# [What the exercise asks]
Only text is carried over. Reproduce the entries below exactly.

Scraped caption text data
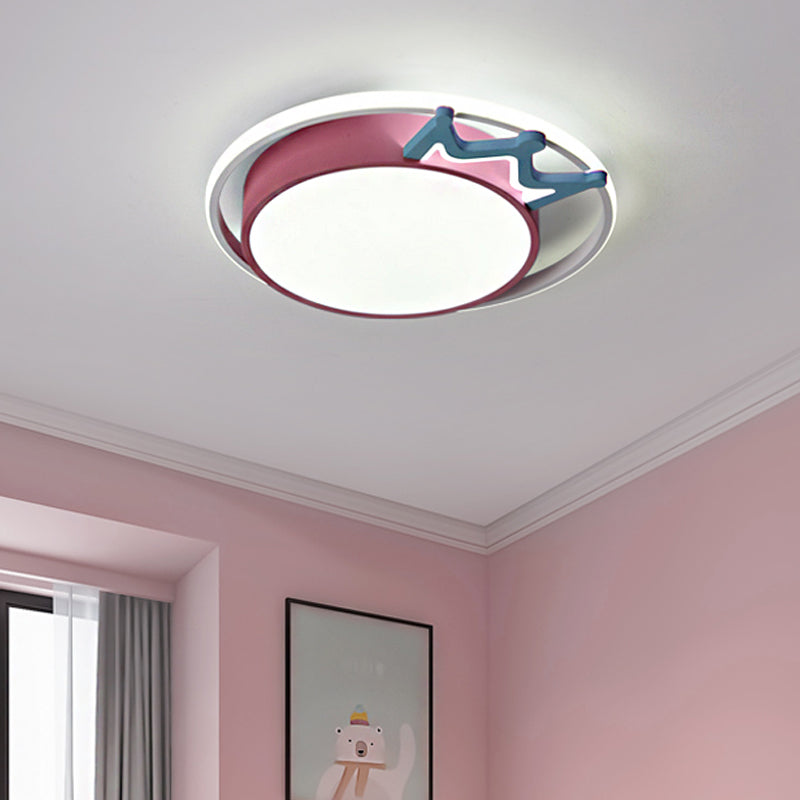 Cartoon Style Round Flush Mount Light Acrylic LED Indoor Blue/Pink Ceiling Light Fixture with Crown Deco in Warm/White Light Pink Clearhalo 'Ceiling Lights' 'Close To Ceiling Lights' 'Close to ceiling' 'Flush mount' Lighting' 216515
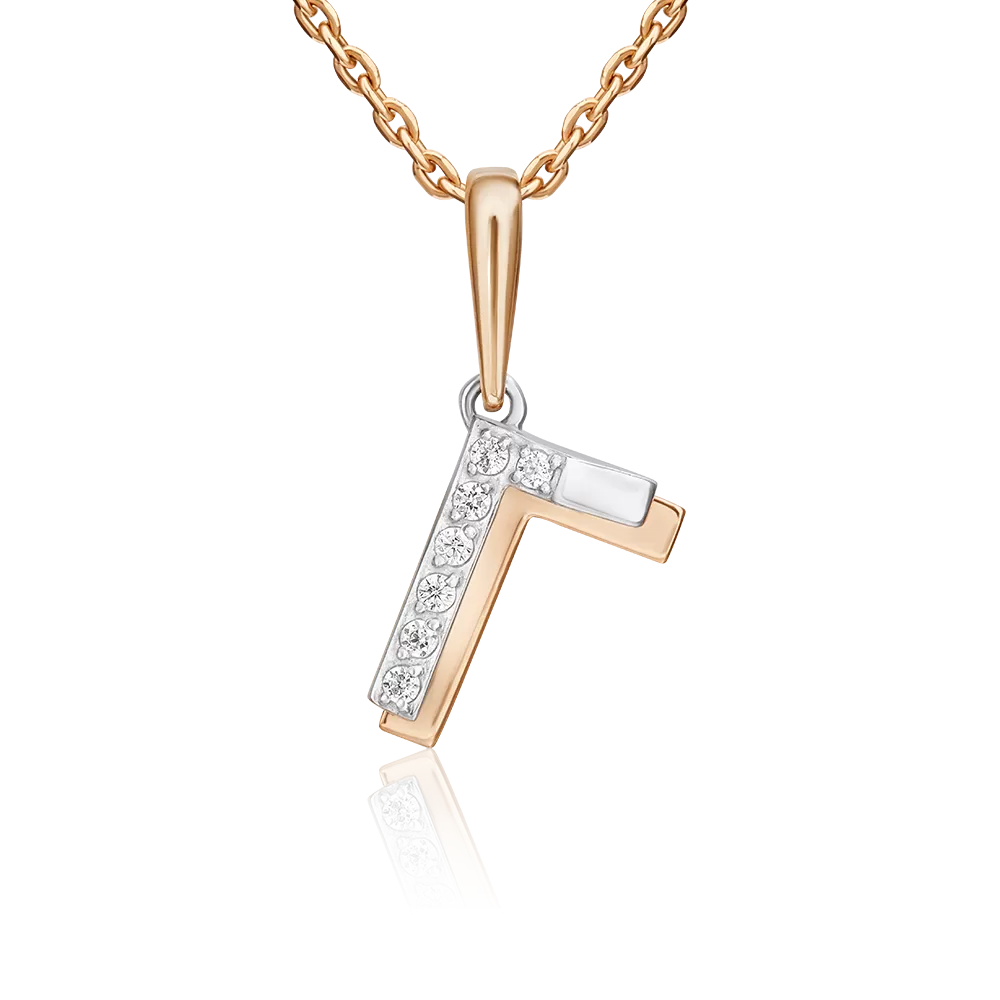 Подвеска «Буква Г» из комбинированного золота с фианитами 03-3418-Г-401-1111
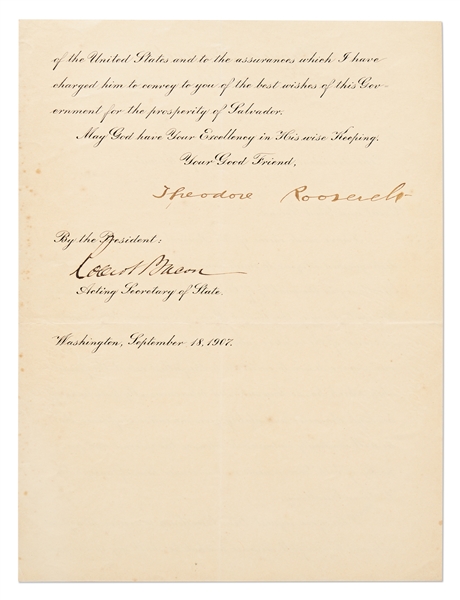 Theodore Roosevelt Presidential Appointment Signed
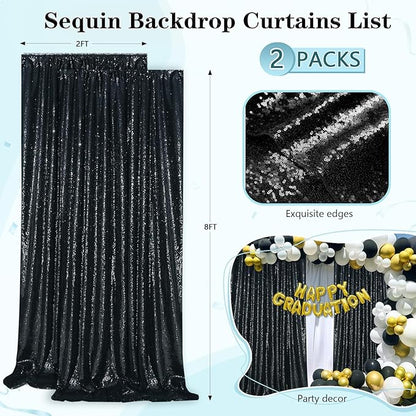 Black Sequin Backdrop 2 Panels 2FTx8FT Halloween Backdrop Curtains Party Decorations Birthday Wedding Photo Backdrop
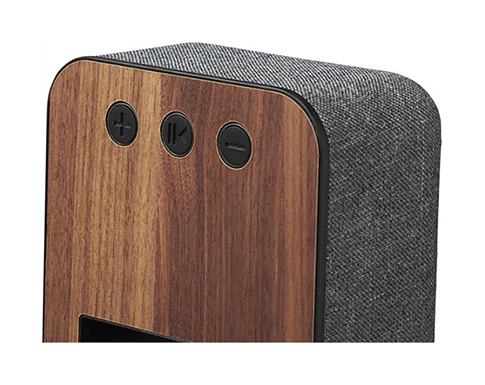 Buxton Fabric & Wood Bluetooth Speakers - Brown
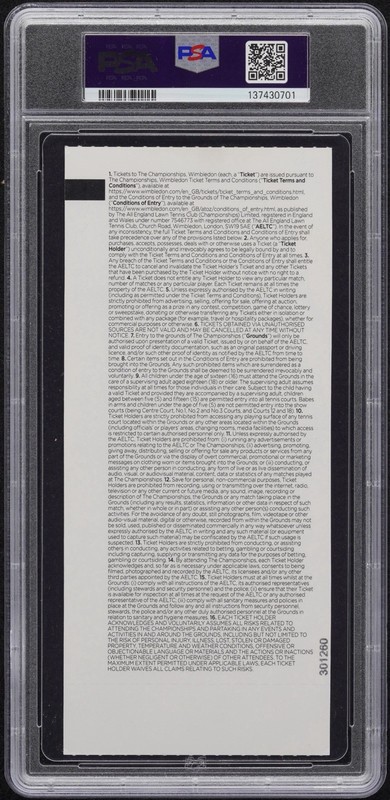 Jannik Sinner Signed 2025 Wimbledon Champion Full Ticket Stub PSA/DNA AUTHENTIC view 2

# [Written solution]
 Cartoon Style Round Flush Mount Light Acrylic LED Indoor Blue/Pink Ceiling Light Fixture with Crown Deco in Warm/White Light Pink Clearhalo 'Ceiling Lights' 'Close To Ceiling Lights' 'Close to ceiling' 'Flush mount' Lighting' 216515
 Подвеска «Буква Г» из комбинированного золота с фианитами 03-3418-Г-401-1111
 Theodore Roosevelt Presidential Appointment Signed
 Black Sequin Backdrop 2 Panels 2FTx8FT Halloween Backdrop Curtains Party Decorations Birthday Wedding Photo Backdrop
 Buxton Fabric & Wood Bluetooth Speakers - Brown
 Jannik Sinner Signed 2025 Wimbledon Champion Full Ticket Stub PSA/DNA AUTHENTIC view 2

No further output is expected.